Fiche de lecture d’un des chapitres des « Thèmes » du manuel Atlande sur la question d’agrégation interne portant sur l’empire colonial français en Afrique des conquêtes aux indépendances.

La partie « Repères » est ICI.

L’ARGUMENTAIRE COLONIAL ET IMPÉRIAL (XIXe–XXe SIÈCLE)

L’expansion coloniale européenne des XIXe et XXe siècles, menée principalement par la France et le Royaume-Uni, s’est accompagnée d’un ensemble de discours justifiant la domination des territoires ultramarins. Ces discours, portés par des économistes, des juristes, des hommes politiques et des intellectuels, mêlent des arguments économiques, politiques, moraux, scientifiques et idéologiques. Ils permettent de légitimer la colonisation et de la présenter comme une entreprise nécessaire, voire bénéfique, tant pour les métropoles que pour les peuples colonisés.

I. L’économie au cœur de la colonisation?

1. Colonies, néomercantilisme et impérialisme

L’essor de l’impérialisme s’explique d’abord par des facteurs économiques. Dès le début du XXe siècle, Rudolf Hilferding (1910) décrit la transition vers un « capitalisme financier » qui intensifie la concurrence pour le partage du monde. John A. Hobson (1902) avance que la concentration des richesses entre les mains des classes supérieures entraîne une épargne excessive, nécessitant des débouchés extérieurs. La colonisation devient ainsi un moyen d’investir les surplus de capitaux et d’ouvrir de nouveaux marchés.
Pour Lénine (1917), l’impérialisme constitue le stade suprême du capitalisme, inévitablement tourné vers l’expansion pour sa propre survie. D’autres auteurs y voient un outil de préservation des élites, notamment militaires. Toutefois, ces analyses ne s’appliquent pas uniformément : le rôle colonial du Portugal ne s’explique pas par des besoins d’investissement massifs, et l’Italie, bien que tardivement industrialisée, développe également une politique impériale.
Les thèses néo-mercantilistes réapparaissent à la fin du XIXe siècle. Jules Ferry (1890) considère la colonisation comme la « fille de la révolution industrielle » : l’Europe, confrontée à la surproduction, a besoin de débouchés pour ses produits. Le commerce international explose, sa croissance dépassant celle de la production. Les colonies apparaissent alors comme des fournisseurs de matières premières et des marchés sûrs, surtout dans un contexte de retour du protectionnisme.

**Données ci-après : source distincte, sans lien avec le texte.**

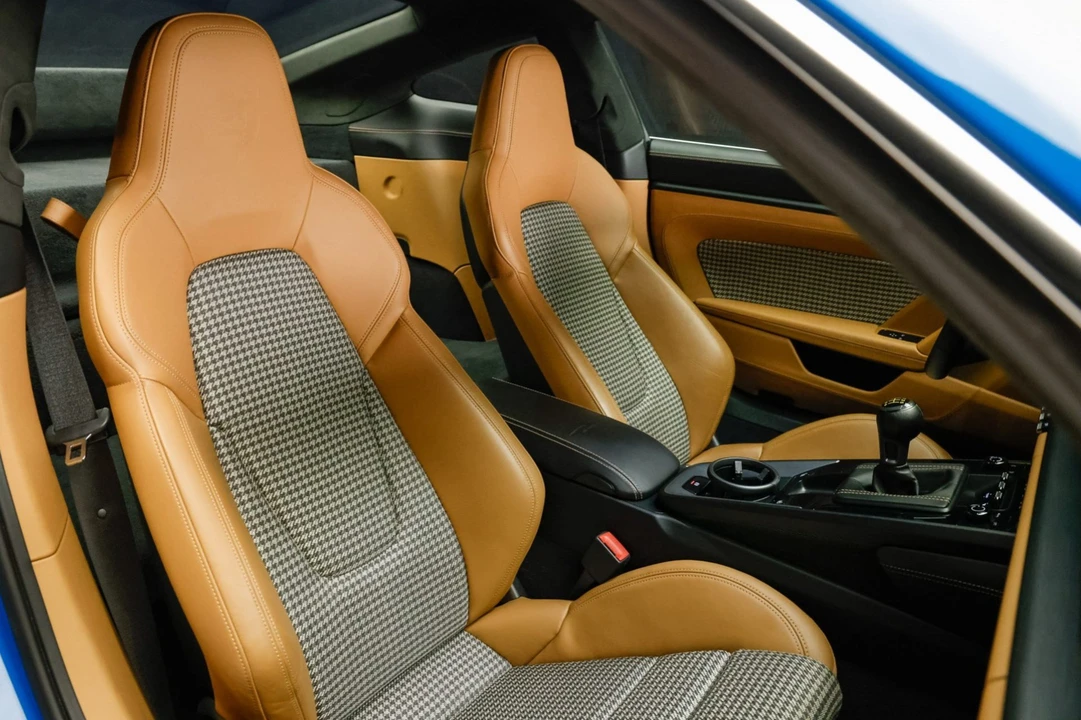 2022 Porsche 992 GT3 - Image 4 of 7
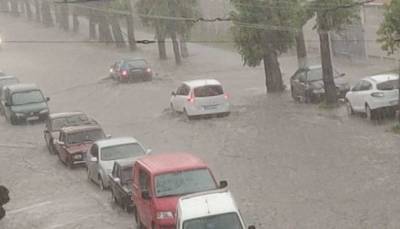 Сильный ливень затопил улицы Хмельницкого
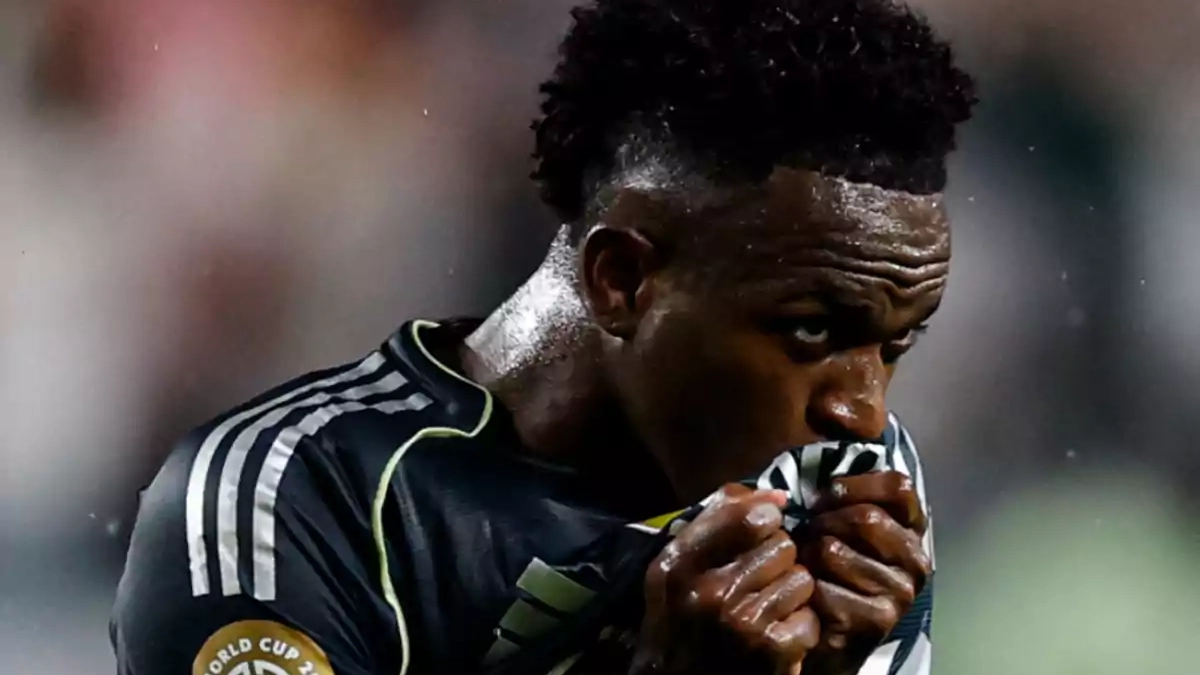 Vinícius Júnior besando el escudo del Real Madrid. Vinícius Júnior besando el escudo del Real Madrid.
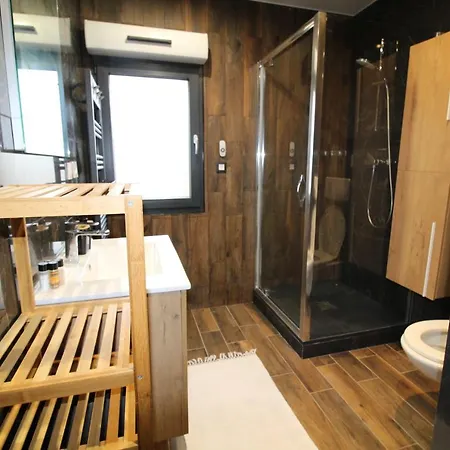 Marvel House - Disneyland 5min, Private Parking, Terrace Nyaraló Magny-le-Hongre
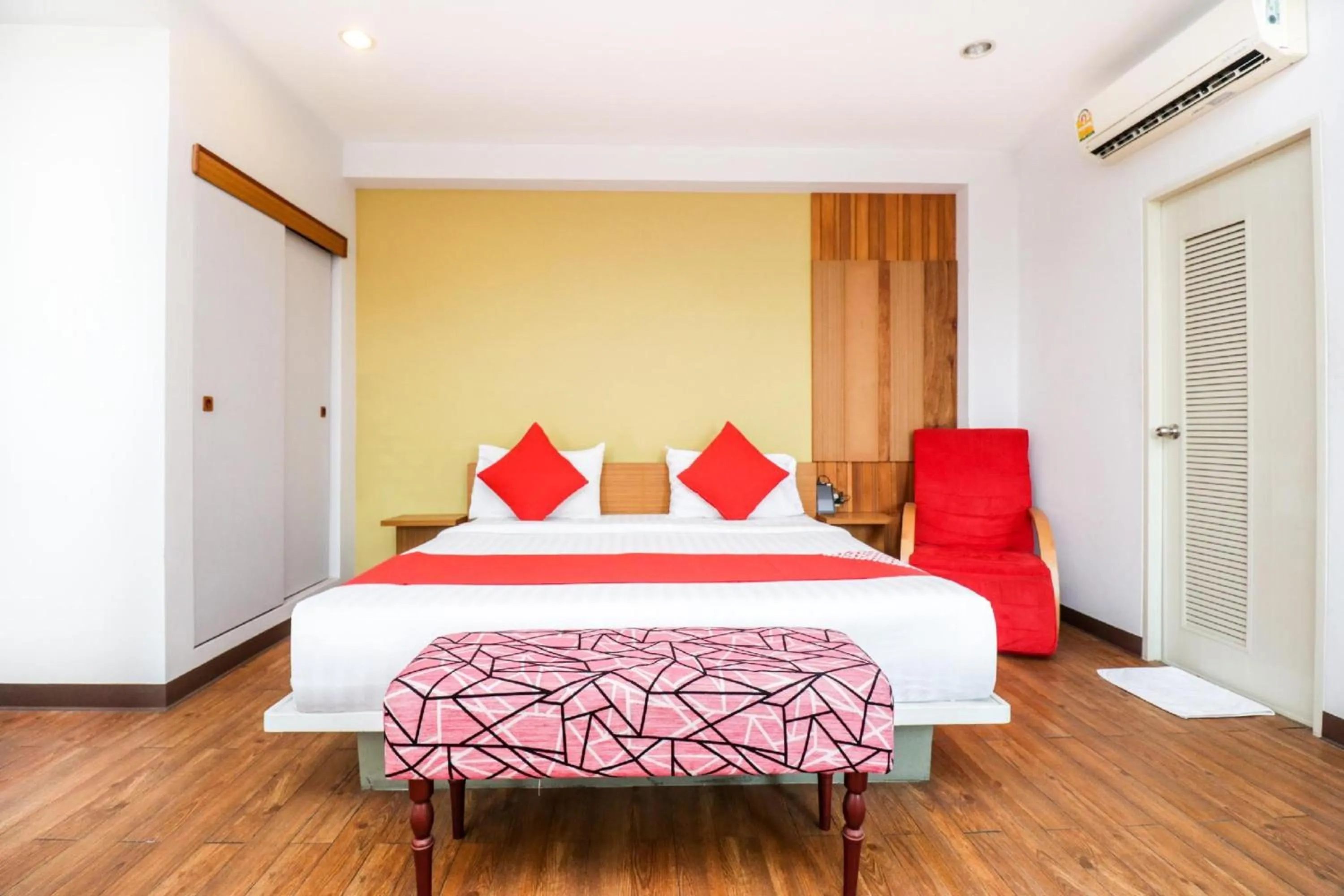 Bedroom, Bed in King One Suvarnabhumi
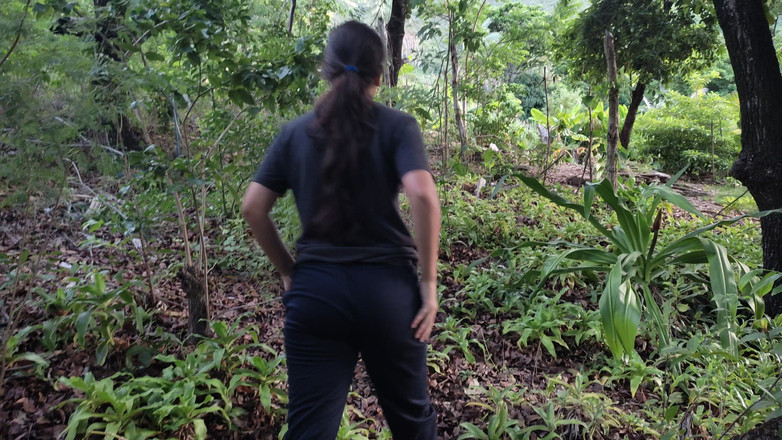 SugarPose: Latina Blinkar Sina Bröst Och Röv Utomhus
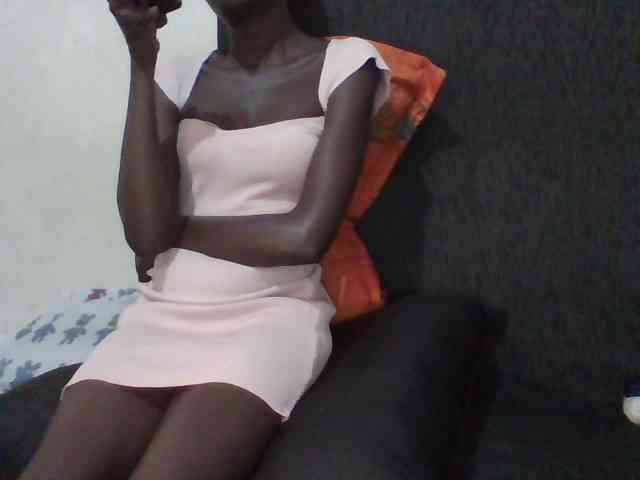 Sky_Sophia webcam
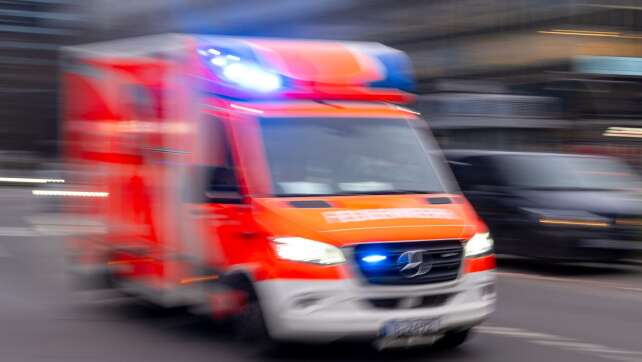 Auto fährt 1,80 Meter hohe Betonwand an Brücke um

2. La colonisation profite-t-elle réellement aux métropoles ?

L’intérêt économique des empires coloniaux reste débattu. Jacques Marseille souligne les coûts importants pour la France, mais reconnaît aussi que l’empire constitue un partenaire commercial majeur : en 1913, il représente 13 % des exportations françaises et atteint 17,3 % en 1928. Après la Seconde Guerre mondiale, la zone franc absorbe plus de 42 % des exportations.
L’empire agit également comme un amortisseur économique, notamment lors de la crise des années 1930. Cependant, l’impact des décolonisations sur les économies européennes fut limité : les pays sans empire colonial enregistrèrent parfois des taux de croissance supérieurs. Marseille avance que le marché colonial aurait pu constituer un frein à la compétitivité, en maintenant artificiellement certains secteurs en déclin.

II. Les raisons politiques de la colonisation

1. La puissance politique et la concurrence impériale

Outre les motivations économiques, l’expansion coloniale répond à des enjeux politiques et géostratégiques. Au XIXe siècle, les colonies sont perçues comme des exutoires démographiques et des moyens d’étendre l’influence nationale dans un contexte de rivalités entre puissances européennes. Le « partage de l’Afrique » illustre cette logique de compétition, où chaque État cherche à étendre son empire pour ne pas laisser ses concurrents prendre l’avantage.
Après la défaite de 1871, la France voit dans l’empire colonial un moyen de restaurer sa puissance. Jules Ferry insiste sur la nécessité de l’expansion pour le prestige national, reléguant les arguments économiques au second plan. Économie et puissance deviennent indissociables : la richesse alimente la puissance, et celle-ci garantit la prospérité.